Even though we won't be making the decision for you, we typically elect to remove the "www" because from our perspective, it's an outdated URL structure as the majority of web users recognize a URL from the '.com, .net, etc' domain extensions. For example, when visiting https://www.doc4design.com the user is redirected to https://doc4design.com. This is because we want traffic redirected to a single domain, and by adding this redirection we ensure that the majority of search engines only see and catalog a single version of the site. If the site is retaining user log information such as login names and passwords having a single version of the site will prevent storing two copies.
Whichever choice you make, try to keep it consistent across all platforms including printed and interactive materials.

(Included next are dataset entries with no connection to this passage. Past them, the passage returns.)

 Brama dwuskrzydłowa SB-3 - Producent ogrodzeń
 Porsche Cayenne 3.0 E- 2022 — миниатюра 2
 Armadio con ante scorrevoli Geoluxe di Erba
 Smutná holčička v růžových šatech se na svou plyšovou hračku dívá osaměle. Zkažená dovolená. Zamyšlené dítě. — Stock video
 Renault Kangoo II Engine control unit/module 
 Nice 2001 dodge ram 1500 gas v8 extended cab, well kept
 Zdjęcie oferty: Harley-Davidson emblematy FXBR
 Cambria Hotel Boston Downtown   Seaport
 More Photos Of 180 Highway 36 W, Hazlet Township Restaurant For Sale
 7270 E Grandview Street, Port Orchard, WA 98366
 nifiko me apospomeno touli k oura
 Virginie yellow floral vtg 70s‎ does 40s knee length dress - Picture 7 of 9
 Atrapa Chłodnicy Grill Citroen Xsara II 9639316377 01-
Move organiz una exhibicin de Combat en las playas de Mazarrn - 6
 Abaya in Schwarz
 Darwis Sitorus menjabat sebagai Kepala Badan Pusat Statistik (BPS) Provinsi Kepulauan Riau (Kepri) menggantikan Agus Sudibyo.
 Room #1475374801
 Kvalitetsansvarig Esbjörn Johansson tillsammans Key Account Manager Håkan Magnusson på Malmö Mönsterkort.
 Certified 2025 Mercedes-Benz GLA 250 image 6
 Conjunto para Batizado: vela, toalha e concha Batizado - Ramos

Open the .htaccess file located in your root directory and add the following code. Be sure to change 'doc4design' to your URL. If you do not have an .htaccess file, create one by opening a text editor of your choice (notepad, TextEdit), add the code you prefer from below, and save the file as "htaccess.txt". Upload the file to the root directory of your site and then change the name to ".htaccess." We change the name after uploading because files prefixed by a "." are invisible.
RewriteEngine On
RewriteCond %{HTTP_HOST} ^doc4design.com/wp [NC]
RewriteRule ^(.*)$ http://www.doc4design.com/wp/$1 [L,R=301]
RewriteEngine On
RewriteCond %{HTTP_HOST} ^www\.(.+)$ [NC]
RewriteRule ^(.*)$ http://%1/$1 [R=301,L]
It's safe to assume all search engine spiders crawling a website have an innate need to catalog as much as they can. This includes cataloging any personal files to those eBay images you may have secretly added to the company File Transfer Protocol (FTP) site. If this sounds unnerving, it should. Luckily there is a way to tell the spiders not to catalog everything by default. The first file search engine spiders look for when visiting a website is the robots.txt file. This is a plain text file similar to the .htaccess file which can be created and opened in the simplest of programs from notepad to TextEdit. The robots.txt file is simply a list of instructions informing the spiders what they can and cannot do with the files and folders on the server. In the case above it might be a good idea to keep the spiders out of your personal folders and setting up a robots.txt file is pretty easy.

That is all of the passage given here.